Exercise instructions:
Going line by line through the records below, write out everything starting with the line containing "Beispielinhalt (Bild) Silberschmuck" and going on through the line containing "Bergs Timber reports", exactly and inclusively. Pictures do not go in.

(Supplied information)

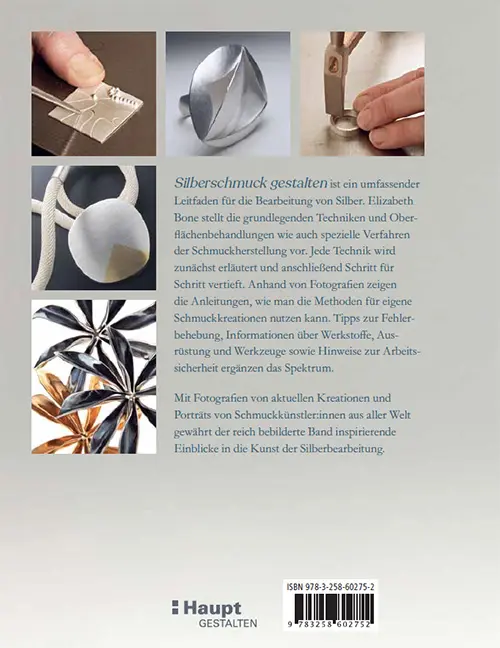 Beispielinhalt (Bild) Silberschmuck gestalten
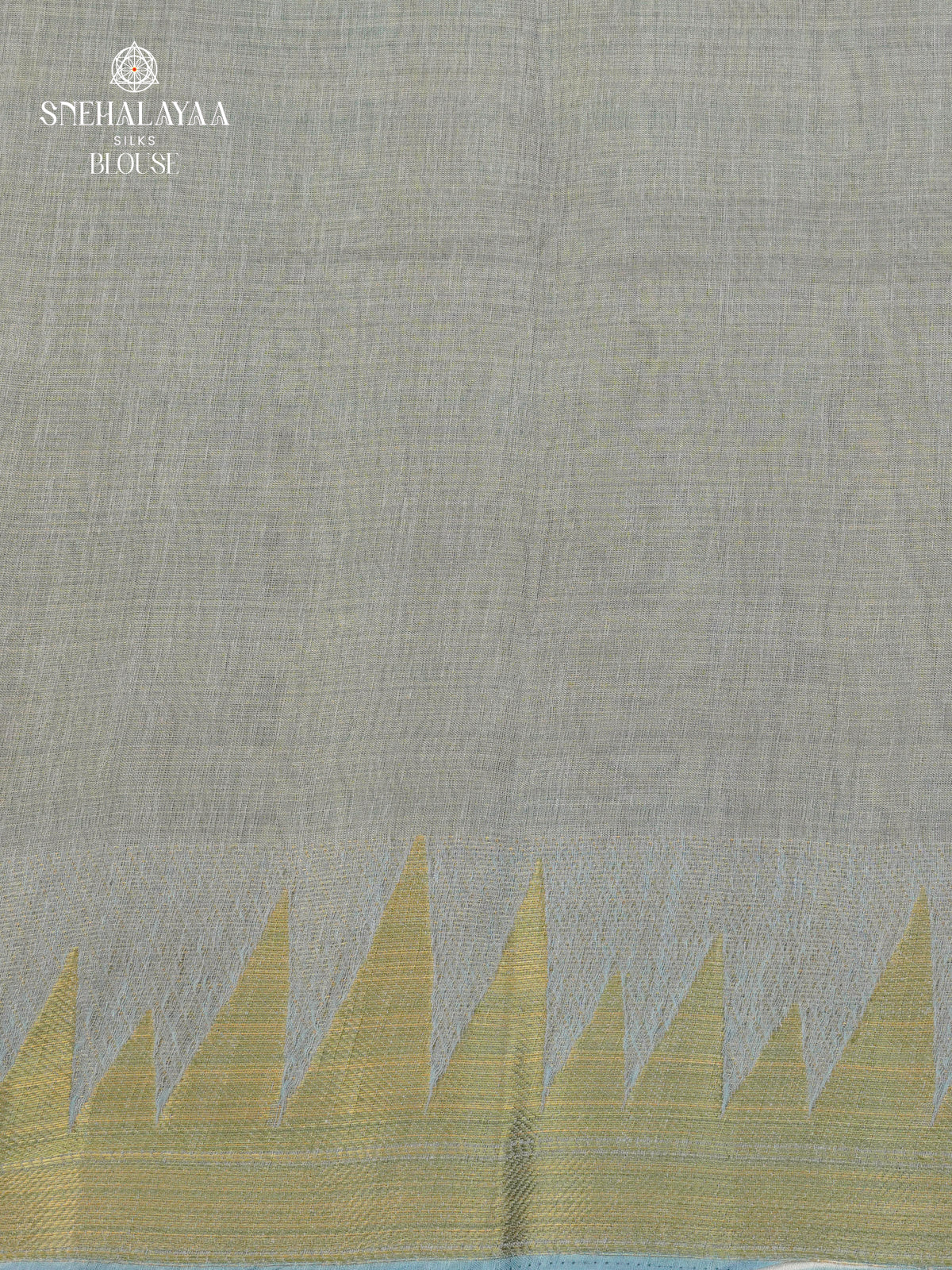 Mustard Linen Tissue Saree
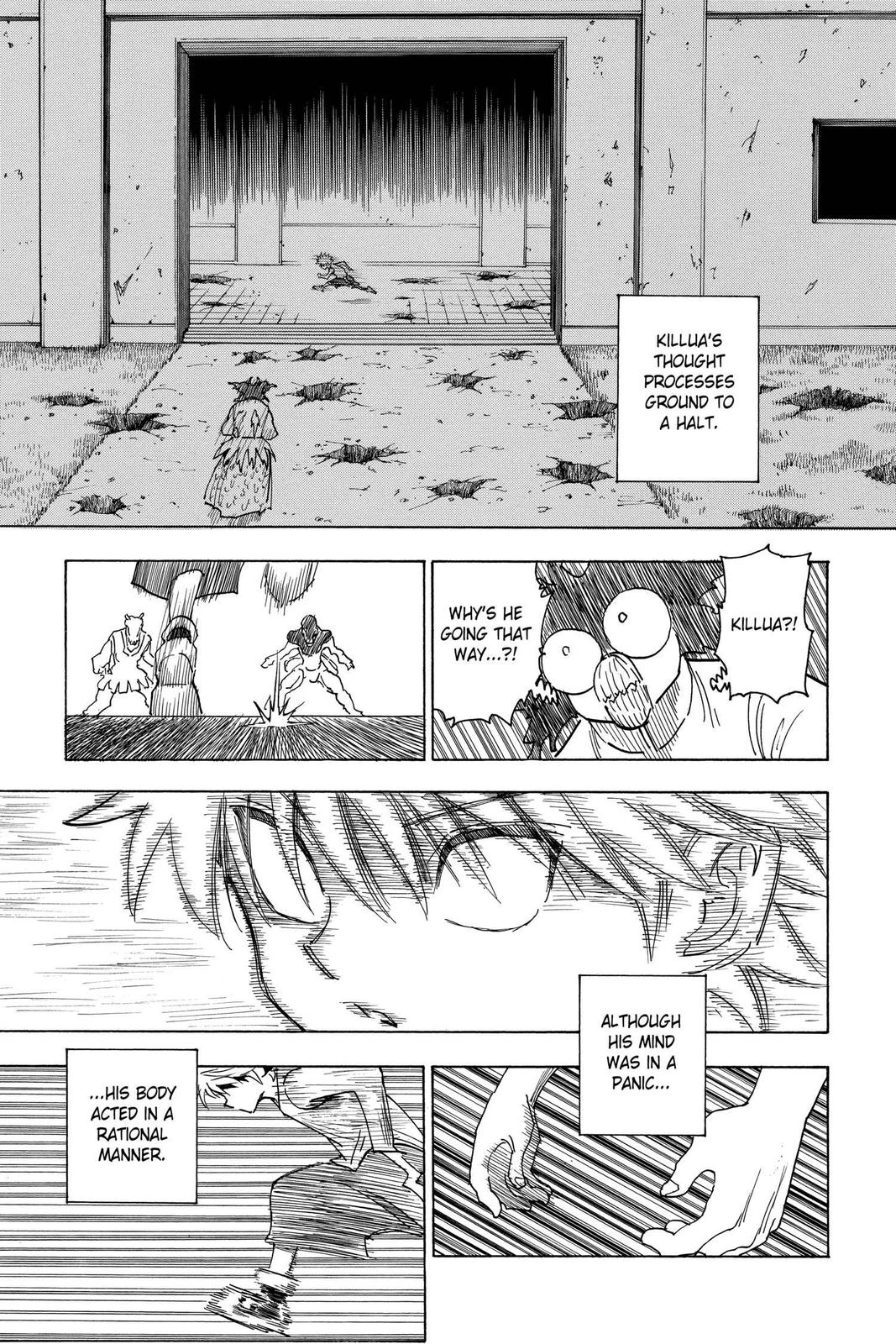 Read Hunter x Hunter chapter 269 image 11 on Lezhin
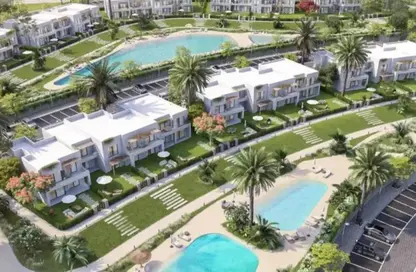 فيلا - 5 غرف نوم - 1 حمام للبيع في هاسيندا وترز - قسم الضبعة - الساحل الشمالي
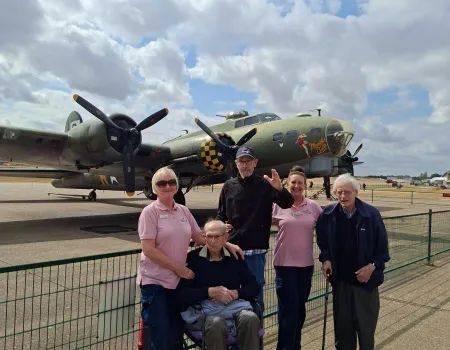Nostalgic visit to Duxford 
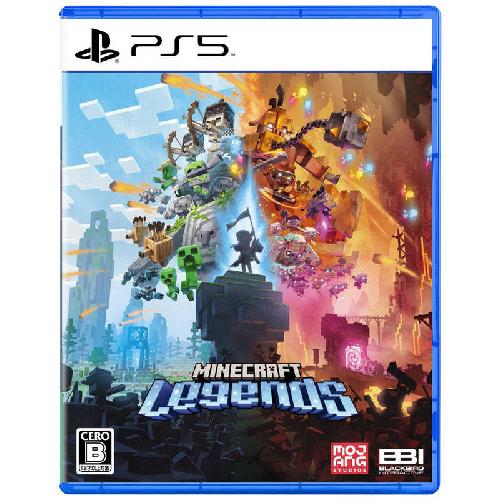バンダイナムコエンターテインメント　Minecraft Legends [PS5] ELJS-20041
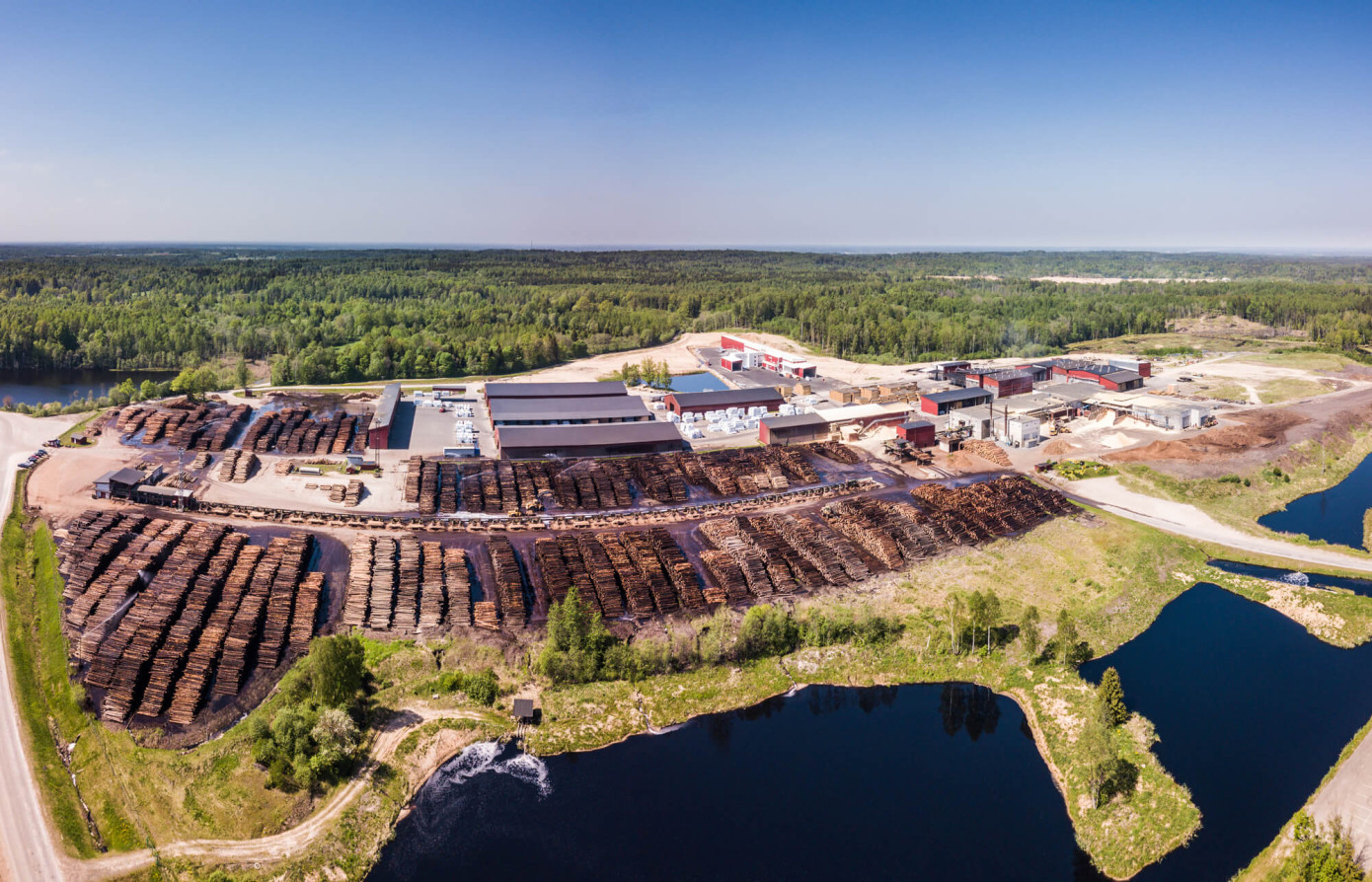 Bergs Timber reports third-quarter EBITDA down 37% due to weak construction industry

(End Supplied information)
(Supplied information)

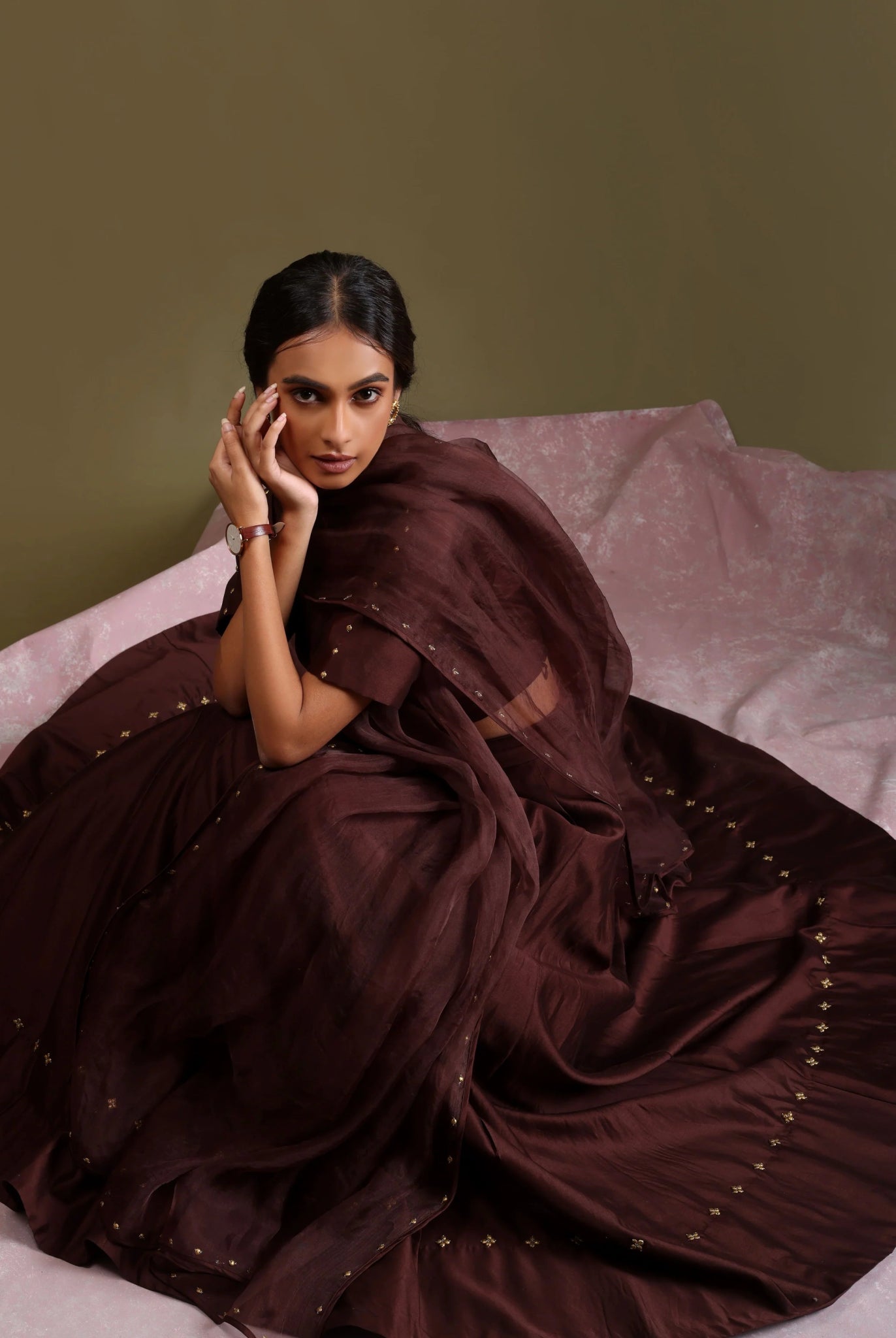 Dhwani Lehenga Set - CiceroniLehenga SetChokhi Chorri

(End Supplied information)

Result for this task:
 Beispielinhalt (Bild) Silberschmuck gestalten
 Mustard Linen Tissue Saree
 Read Hunter x Hunter chapter 269 image 11 on Lezhin
 فيلا - 5 غرف نوم - 1 حمام للبيع في هاسيندا وترز - قسم الضبعة - الساحل الشمالي
Nostalgic visit to Duxford 
バンダイナムコエンターテインメント　Minecraft Legends [PS5] ELJS-20041
 Bergs Timber reports third-quarter EBITDA down 37% due to weak construction industry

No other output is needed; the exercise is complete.